§ SUPPLIED DATA
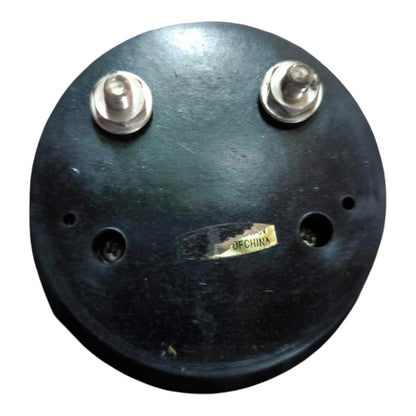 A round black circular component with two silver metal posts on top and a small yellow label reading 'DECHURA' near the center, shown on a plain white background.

==

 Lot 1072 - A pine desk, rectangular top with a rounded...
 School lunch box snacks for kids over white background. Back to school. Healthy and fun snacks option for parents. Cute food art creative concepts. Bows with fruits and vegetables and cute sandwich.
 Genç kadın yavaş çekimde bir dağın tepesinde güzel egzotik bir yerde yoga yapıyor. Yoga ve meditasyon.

§ YOUR OBJECTIVE
An exact copy of the lines above, from the one containing "Lot 1072 - A" through the one containing "Genç kadın yavaş", is the whole of the answer.

§ OUTPUT
 Lot 1072 - A pine desk, rectangular top with a rounded...
 School lunch box snacks for kids over white background. Back to school. Healthy and fun snacks option for parents. Cute food art creative concepts. Bows with fruits and vegetables and cute sandwich.
 Genç kadın yavaş çekimde bir dağın tepesinde güzel egzotik bir yerde yoga yapıyor. Yoga ve meditasyon.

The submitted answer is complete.